Reichley Richard M, Seaton Terry L, Resetar Ervina, Micek Scott T, Scott Karen L, Fraser Victoria J, Dunagan W Claiborne, Bailey Thomas C
Center for Healthcare Quality and Effectiveness, BJC Healthcare and Department of Medicine, Washington University School of Medicine, USA.
J Am Med Inform Assoc. 2005 Jul-Aug;12(4):383-9. doi: 10.1197/jamia.M1783. Epub 2005 Mar 31.
A commercial rule base (Cerner Multum) was used to identify medication orders exceeding recommended dosage limits at five hospitals within BJC HealthCare, an integrated health care system. During initial testing, clinical pharmacists determined that there was an excessive number of nuisance and clinically insignificant alerts, with an overall alert rate of 9.2%. A method for customizing the commercial rule base was implemented to increase rule specificity for problematic rules.
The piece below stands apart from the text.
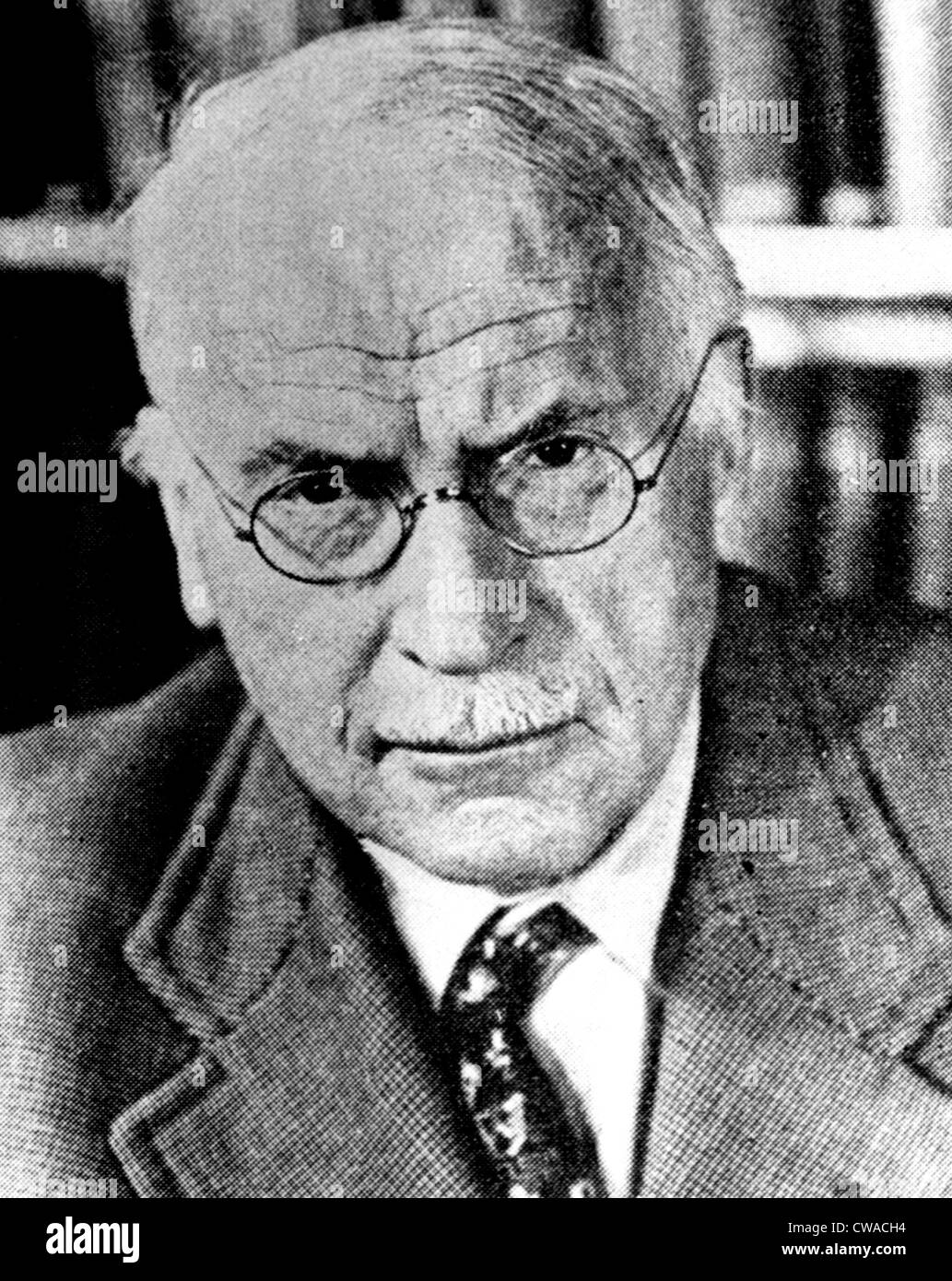 Psychiatre Carl Gustav Jung, ca. Années 1960. Avec la permission de : Archives CSU/Everett Collection. Banque D'Images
The system was subsequently deployed at two facilities and achieved alert rates of less than 1%. Pharmacists screened these alerts and contacted ordering physicians in 21% of cases. Physicians made therapeutic changes in response to 38% of alerts presented to them. By applying simple techniques to customize rules, commercial rule bases can be used to rapidly deploy a safety net to screen drug orders for excessive dosages, while preserving the rule architecture for later implementations of more finely tuned clinical decision support.
在综合医疗保健系统BJC医疗保健公司旗下的五家医院中,使用了一个商业规则库(Cerner Multum)来识别超出推荐剂量限制的用药医嘱。在初始测试期间,临床药剂师确定存在过多烦扰性且临床意义不大的警报,总体警报率为9.2%。实施了一种定制商业规则库的方法,以提高有问题规则的特异性。该系统随后在两家机构进行了部署,警报率降至1%以下。药剂师对这些警报进行了筛查,并在21%的案例中联系了开医嘱的医生。医生针对向他们提出的警报中的38%做出了治疗调整。通过应用简单的技术来定制规则,商业规则库可用于快速部署一个安全网,以筛查过量用药医嘱,同时保留规则架构以便日后实施更精细调整的临床决策支持。